| What you are asked to do |
Lines from the one with "中国最长的河流排名前十名 松花江上榜,长江位居第一" up to and including the one with "Tesla Model Y Rear-Wheel Drive - ფოტო 16" are to be copied exactly from the records below, without their pictures.

| Record excerpts |
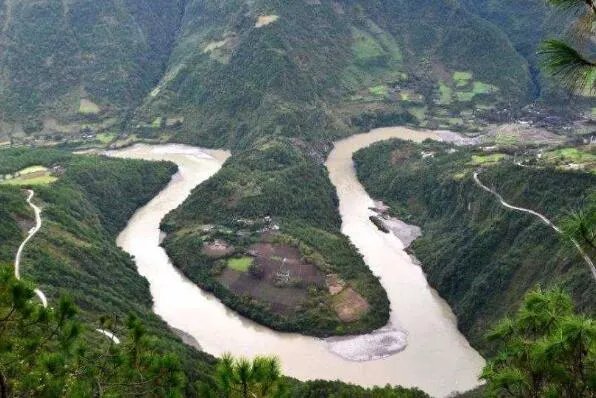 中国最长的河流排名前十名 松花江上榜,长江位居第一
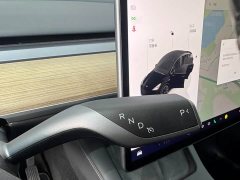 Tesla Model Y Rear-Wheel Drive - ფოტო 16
==
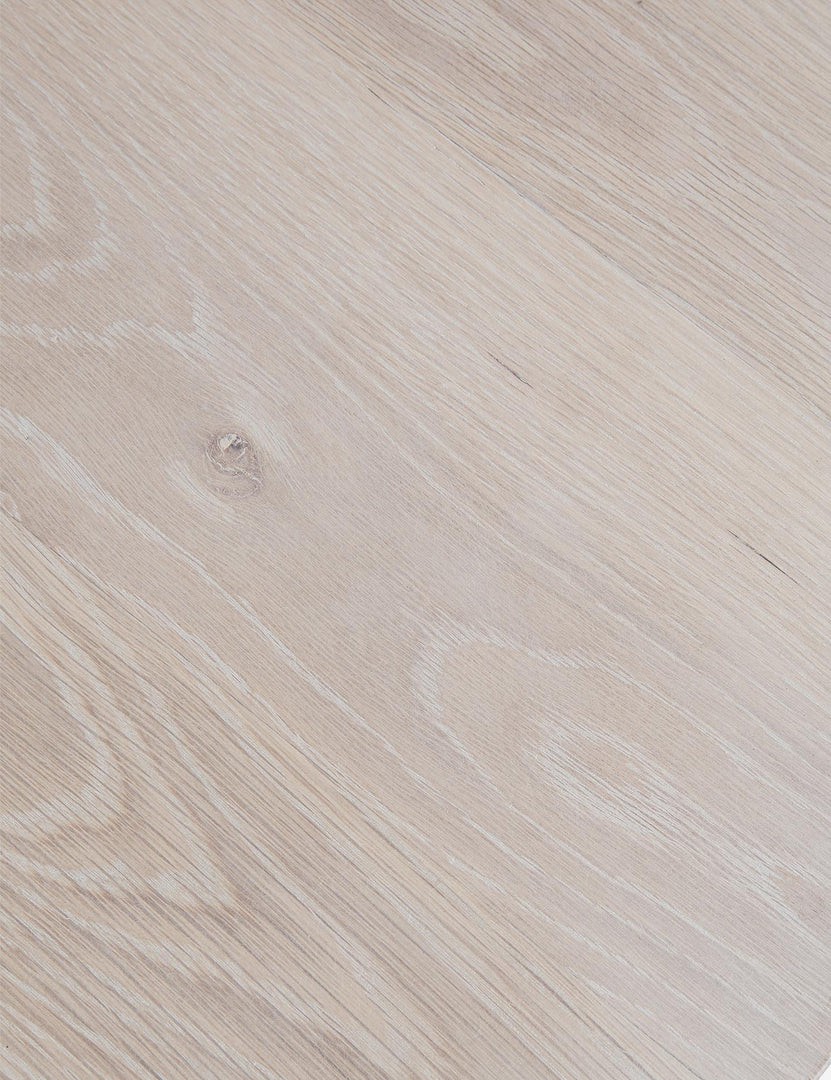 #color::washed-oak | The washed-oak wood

| Output of the task |
 中国最长的河流排名前十名 松花江上榜,长江位居第一
 Tesla Model Y Rear-Wheel Drive - ფოტო 16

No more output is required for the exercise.